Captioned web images
------------------------

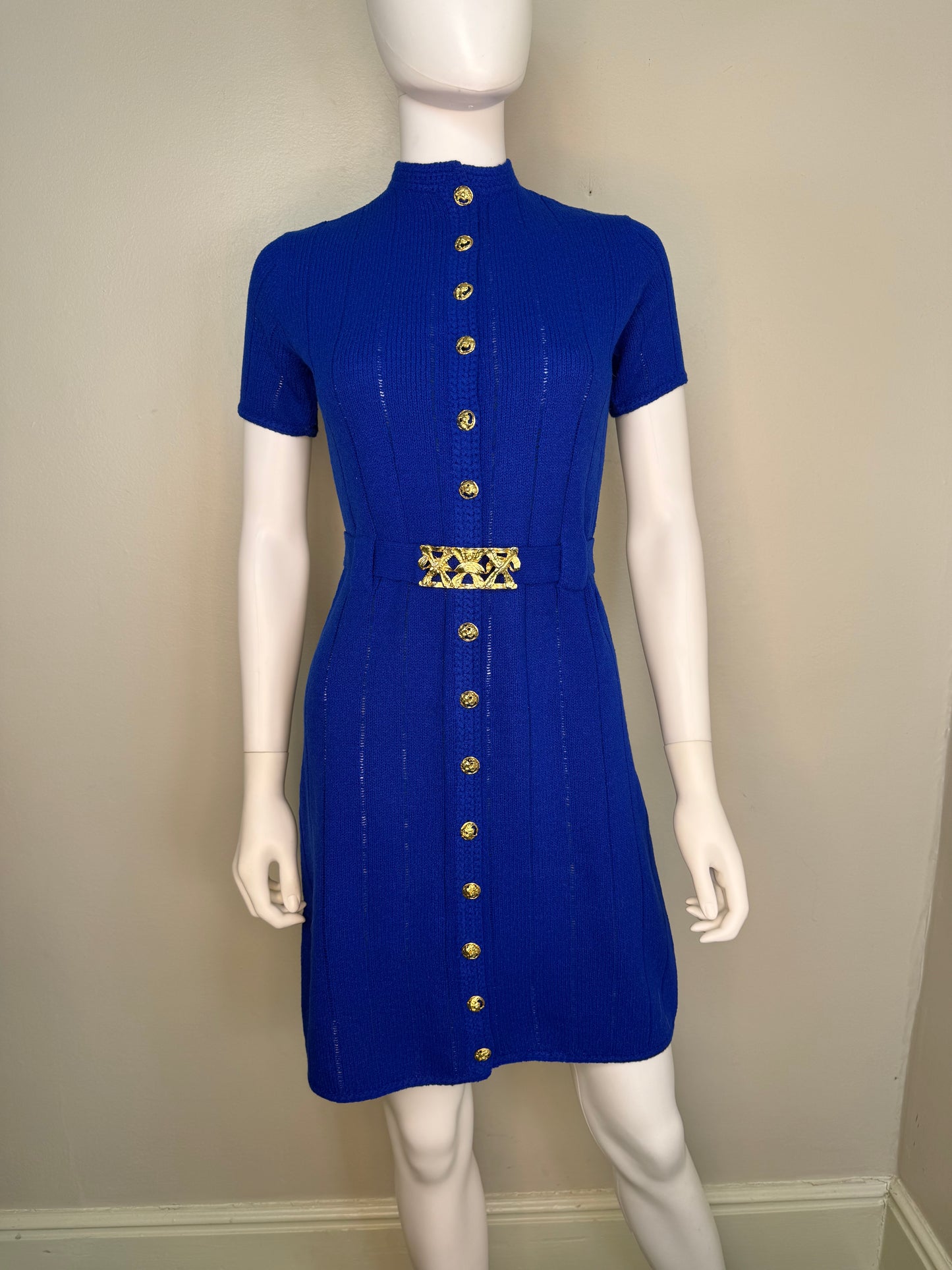 1960s/70s St John Knits Royal Blue Sweater Dress, Size Small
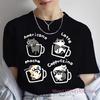 Female T Shirt Cat Coffee Pure Trendy Summer Slim Short Sleeved T-shirt Women Mocha Latte Cat Fun Cat Top Tees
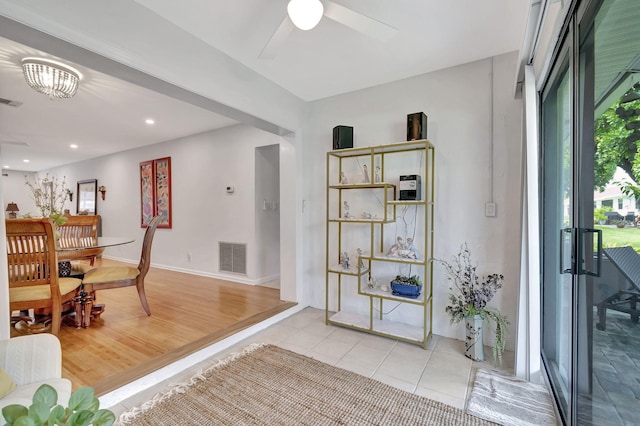 dining space featuring ceiling fan, tile patterned flooring, recessed lighting, visible vents, and baseboards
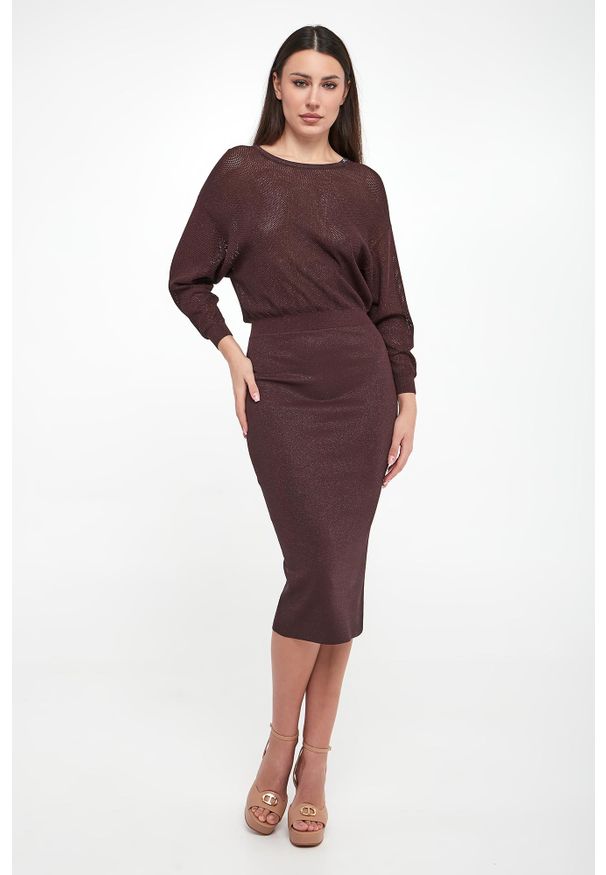 Elisabetta Franchi - Sukienka błyszcząca midi ELISABETTA FRANCHI. Długość: midi
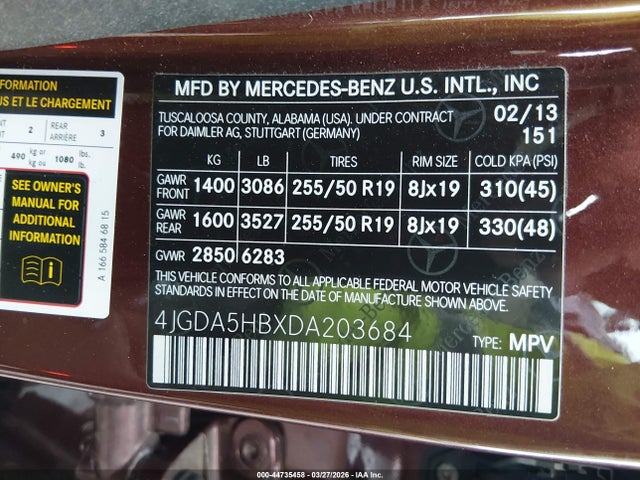 2013 Mercedes-benz Ml 350 4matic მანქანა იყიდება აუქციონზე, vin: 4JGDA5HBXDA203684, აუქციონის ნომერი: 44735458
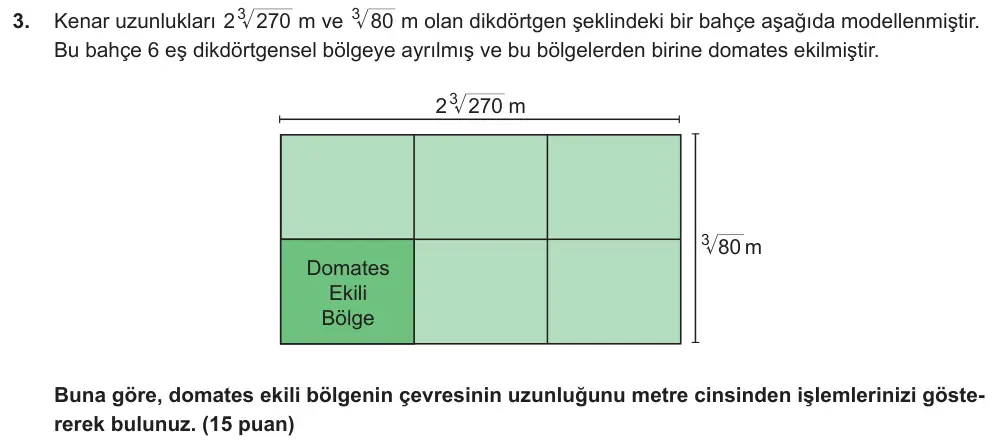 9. Sınıf Matematik 2025-2026 1. Dönem 1. Yazılı Ortak Sınav 3. Soru (Sabah Oturumu) görseli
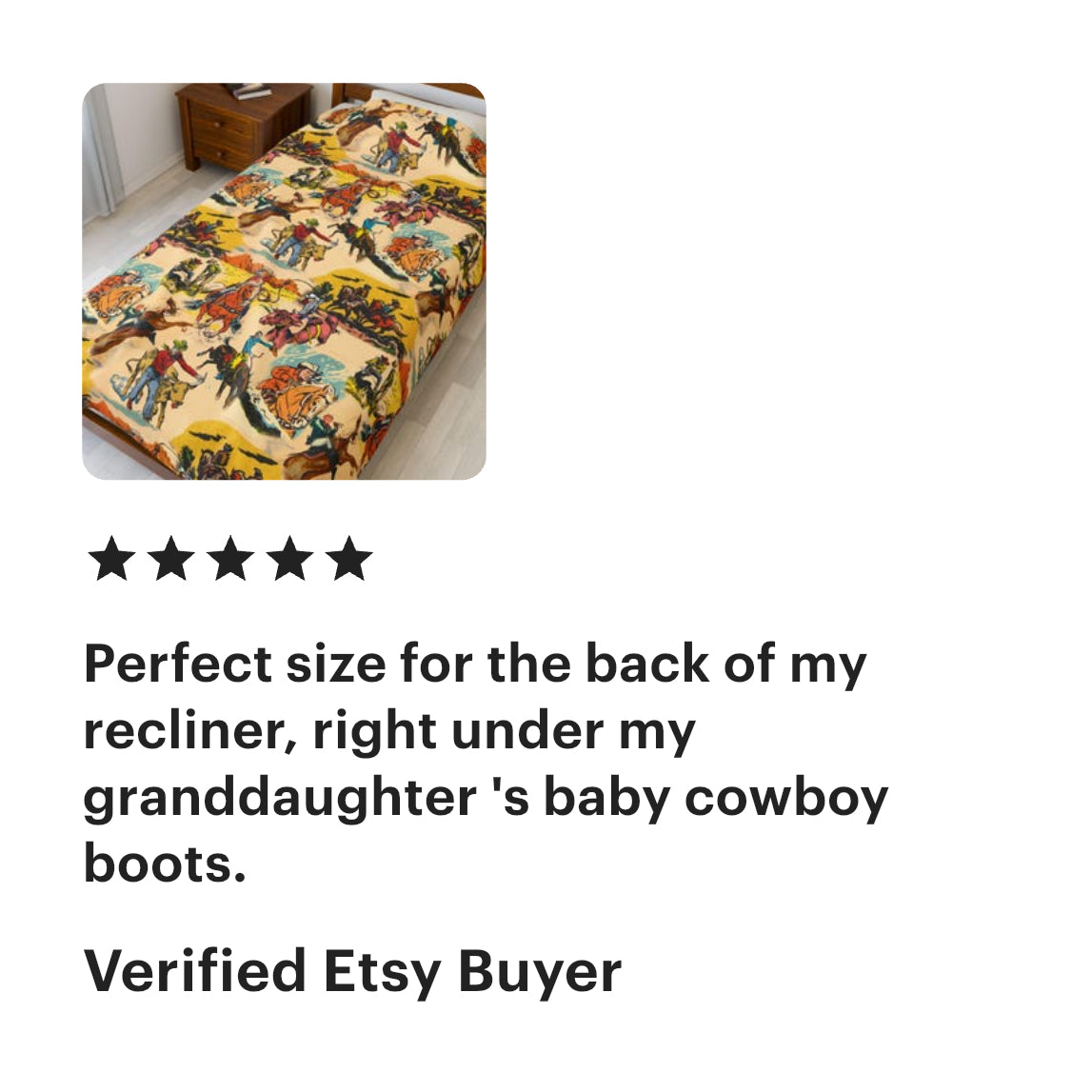 Bedding set with cowboy design on a bed, with a five-star rating and customer review below.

------------------------

• **ACTION ITEM**: Each line of the records above must be repeated exactly, but no picture belongs in the copy.

• **ANSWER BOX**:
 1960s/70s St John Knits Royal Blue Sweater Dress, Size Small
 Female T Shirt Cat Coffee Pure Trendy Summer Slim Short Sleeved T-shirt Women Mocha Latte Cat Fun Cat Top Tees
 dining space featuring ceiling fan, tile patterned flooring, recessed lighting, visible vents, and baseboards
 Elisabetta Franchi - Sukienka błyszcząca midi ELISABETTA FRANCHI. Długość: midi
 2013 Mercedes-benz Ml 350 4matic მანქანა იყიდება აუქციონზე, vin: 4JGDA5HBXDA203684, აუქციონის ნომერი: 44735458
 9. Sınıf Matematik 2025-2026 1. Dönem 1. Yazılı Ortak Sınav 3. Soru (Sabah Oturumu) görseli
 Bedding set with cowboy design on a bed, with a five-star rating and customer review below.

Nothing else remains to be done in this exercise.